◆ **Instructions for the task**
The expected output is every entry below, exact in every character.

◆ **Excerpted data**
────
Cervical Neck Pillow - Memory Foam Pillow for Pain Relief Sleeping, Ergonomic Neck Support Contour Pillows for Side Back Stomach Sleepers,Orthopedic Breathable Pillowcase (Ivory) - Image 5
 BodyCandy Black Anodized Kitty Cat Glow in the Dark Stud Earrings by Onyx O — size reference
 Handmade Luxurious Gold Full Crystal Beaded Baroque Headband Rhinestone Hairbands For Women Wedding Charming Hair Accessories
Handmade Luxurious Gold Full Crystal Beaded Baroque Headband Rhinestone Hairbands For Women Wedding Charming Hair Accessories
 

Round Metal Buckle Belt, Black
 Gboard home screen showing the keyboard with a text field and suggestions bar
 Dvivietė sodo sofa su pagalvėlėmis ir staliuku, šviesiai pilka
────
◆ **Answer space**
Cervical Neck Pillow - Memory Foam Pillow for Pain Relief Sleeping, Ergonomic Neck Support Contour Pillows for Side Back Stomach Sleepers,Orthopedic Breathable Pillowcase (Ivory) - Image 5
 BodyCandy Black Anodized Kitty Cat Glow in the Dark Stud Earrings by Onyx O — size reference
 Handmade Luxurious Gold Full Crystal Beaded Baroque Headband Rhinestone Hairbands For Women Wedding Charming Hair Accessories
Handmade Luxurious Gold Full Crystal Beaded Baroque Headband Rhinestone Hairbands For Women Wedding Charming Hair Accessories
 

Round Metal Buckle Belt, Black
 Gboard home screen showing the keyboard with a text field and suggestions bar
 Dvivietė sodo sofa su pagalvėlėmis ir staliuku, šviesiai pilka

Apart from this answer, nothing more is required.